WORK REQUEST
What you print should match the entries exactly, only without the pictures.

THE DATA
= Beginning of Section =

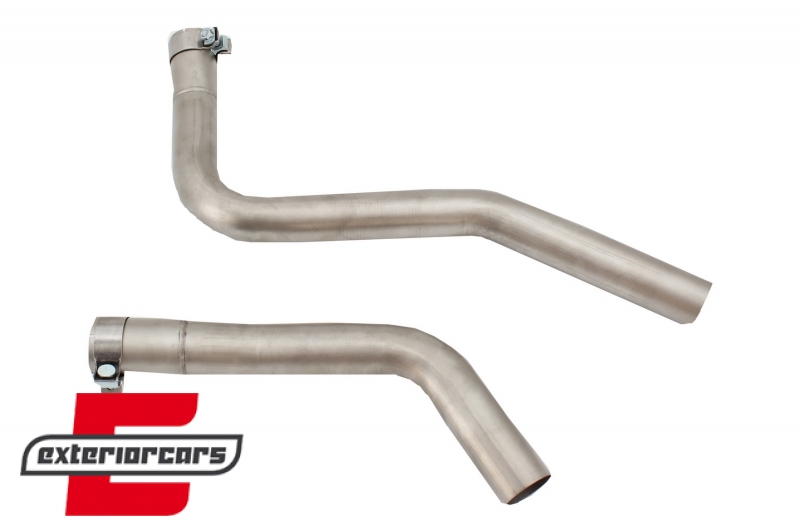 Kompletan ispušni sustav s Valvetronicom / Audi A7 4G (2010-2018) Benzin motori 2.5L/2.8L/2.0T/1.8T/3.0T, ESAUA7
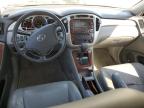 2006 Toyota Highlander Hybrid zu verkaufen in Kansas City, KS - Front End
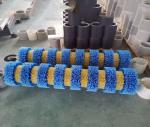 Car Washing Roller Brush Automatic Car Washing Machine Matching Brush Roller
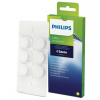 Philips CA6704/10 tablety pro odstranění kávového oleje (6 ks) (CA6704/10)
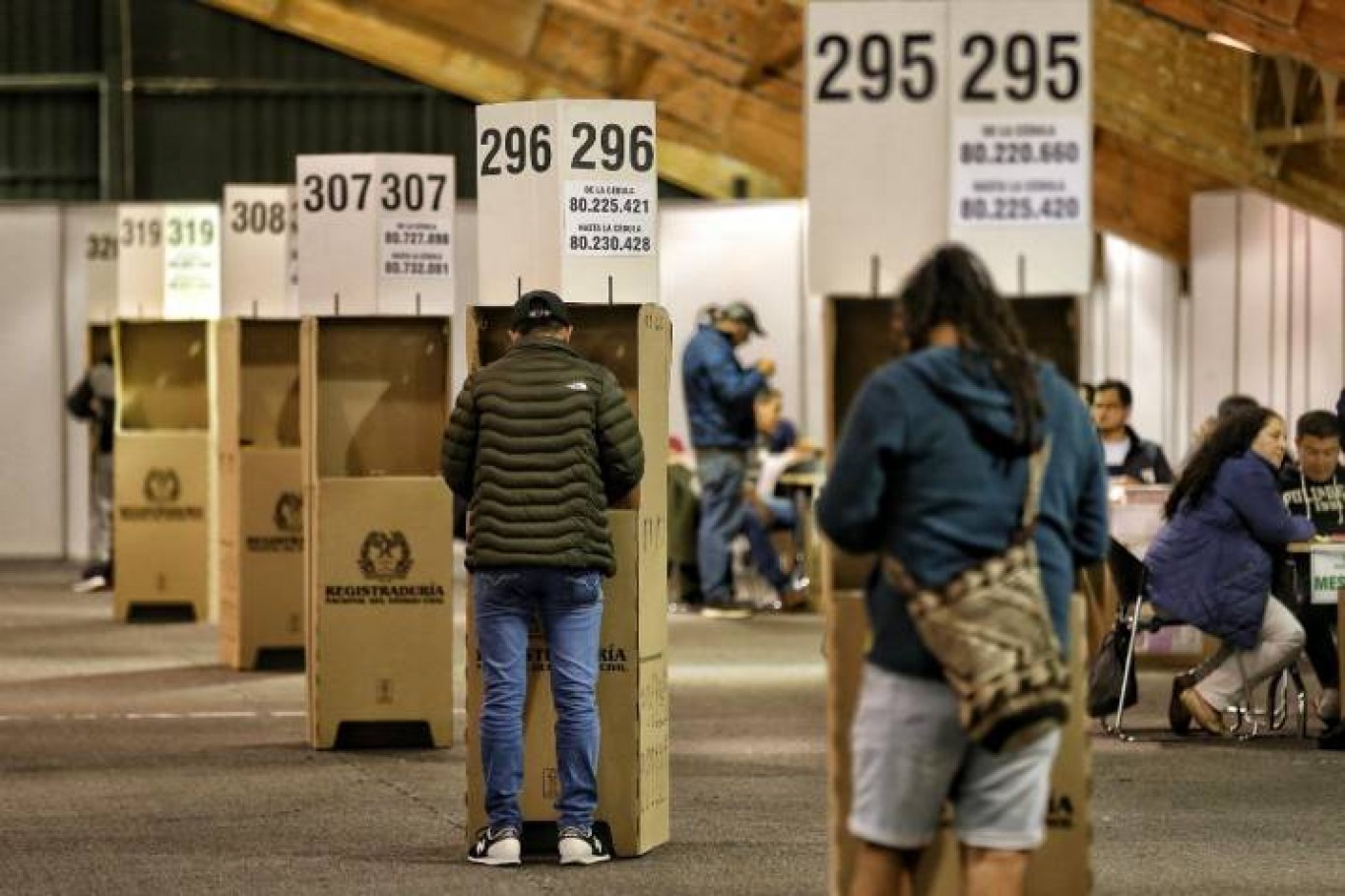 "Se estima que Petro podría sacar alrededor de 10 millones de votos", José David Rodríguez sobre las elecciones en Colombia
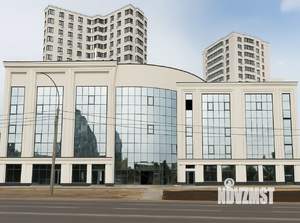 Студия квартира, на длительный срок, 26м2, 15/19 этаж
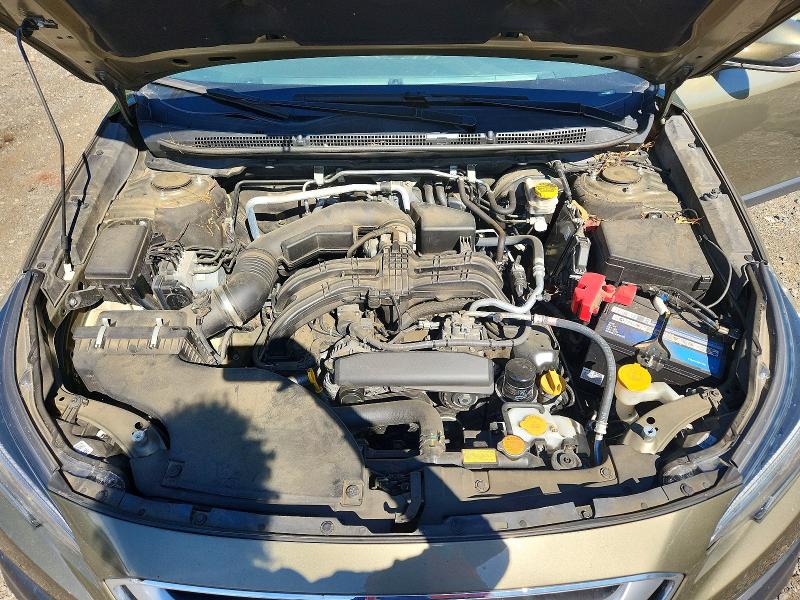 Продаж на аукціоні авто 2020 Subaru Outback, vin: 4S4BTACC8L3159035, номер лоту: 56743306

= End of Section =

WRITTEN RESPONSE
 Kompletan ispušni sustav s Valvetronicom / Audi A7 4G (2010-2018) Benzin motori 2.5L/2.8L/2.0T/1.8T/3.0T, ESAUA7
 2006 Toyota Highlander Hybrid zu verkaufen in Kansas City, KS - Front End
 Car Washing Roller Brush Automatic Car Washing Machine Matching Brush Roller
 Philips CA6704/10 tablety pro odstranění kávového oleje (6 ks) (CA6704/10)
 "Se estima que Petro podría sacar alrededor de 10 millones de votos", José David Rodríguez sobre las elecciones en Colombia
 Студия квартира, на длительный срок, 26м2, 15/19 этаж
 Продаж на аукціоні авто 2020 Subaru Outback, vin: 4S4BTACC8L3159035, номер лоту: 56743306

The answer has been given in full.